Now, since our observed mean nearest neighbor statistic was less than the expected value, we want to determine how likely it is to get a value as small as the one we did if the true point process was CSR?

To get at this, we are going to simulate a large number of sample point patterns from a known CSR process. For each one of these, we will calculate the mean nearest neighbor statistic and retain all such values.

We then count how many of the mean nearest neighbor statistics from these random point patterns were as small as the one we observed for our point pattern.

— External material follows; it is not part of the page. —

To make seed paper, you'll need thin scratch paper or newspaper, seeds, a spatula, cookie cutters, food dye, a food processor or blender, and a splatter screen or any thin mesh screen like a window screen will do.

Let that number be called smaller.

With smaller in hand, we can calculate a psuedo p-value:

\[ p_{sim} = (smaller + 1) / (99 + 1) \]

where 99, is the number of random point patterns we simulate from a CSR process.

def mean_nnd(x, y
            ):
    df = pd.DataFrame(data=np.array([x,y]).T, columns=['x','y'])
    coordinates = df[['x', 'y']].values

    # Calculate the Euclidean distance matrix
    distance_matrix = cdist(coordinates, coordinates, metric='euclidean')
    
    # Convert to a DataFrame for better readability
    distance_matrix_df = pd.DataFrame(distance_matrix, columns=df.index, index=df.index)
    

  
    distance = df.x - df.x.T
    min_distances = distance_matrix_df.apply(lambda row: row[row > 0].min(), axis=1)
    return min_distances.mean()

[5, 5, 6, 6, 5]

[5, 6, 5, 6, 4]

mean_nnd(x, y)

np.float64(1.0)

np.random.seed(12345)
n_realizations = 99
mean_nnd(np.random.randint(0, 10, 5), np.random.randint(0, 10, 5))

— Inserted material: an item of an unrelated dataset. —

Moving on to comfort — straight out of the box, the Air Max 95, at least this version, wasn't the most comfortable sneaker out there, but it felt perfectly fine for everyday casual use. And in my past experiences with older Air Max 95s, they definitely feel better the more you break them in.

np.float64(3.3682905663705123)

nrr = np.random.randint(0, 10, 5)
mean_nnd(nrr, nrr)

np.float64(2.262741699796952)

xr = np.random.randint(0, 10, 5)
yr = np.random.randint(0, 10, 5)

mean_nnd(xr, yr)

np.float64(2.982237931008882)

nrr = np.random.randint

xr = nrr(0, 10, 5)
yr = nrr(0, 10, 5)

mean_nnd(xr, yr)

np.float64(2.801753402449028)

rs = np.array([ mean_nnd(nrr(0, 10, 5), nrr(0, 10, 5)) for i in range(99)])
smaller = (rs <= observed_r).sum()

smaller

np.int64(0)

p_sim = (smaller + 1) / (100)

p_sim

np.float64(0.01)

Note that we were testing for a departure from the null in one direction, clustering. In this case we allocated all of our significance level, $\alpha=0.05$ into the lower tail of our reference distribution to determine the significance of our observed mean nearest neighbor statistic.

If we were testing against a non-directional null (i.e., we are looking for departures from the null in either direction), we would have split the signficance equally into both tails of our reference distribution.

Two versus One-tailed Tests

Note that we were testing for a departure from the null in one direction, clustering. In this case we allocated all of our significance level, into the lower tail of our reference distribution to determine the significance of our observed mean nearest neighbor statistic.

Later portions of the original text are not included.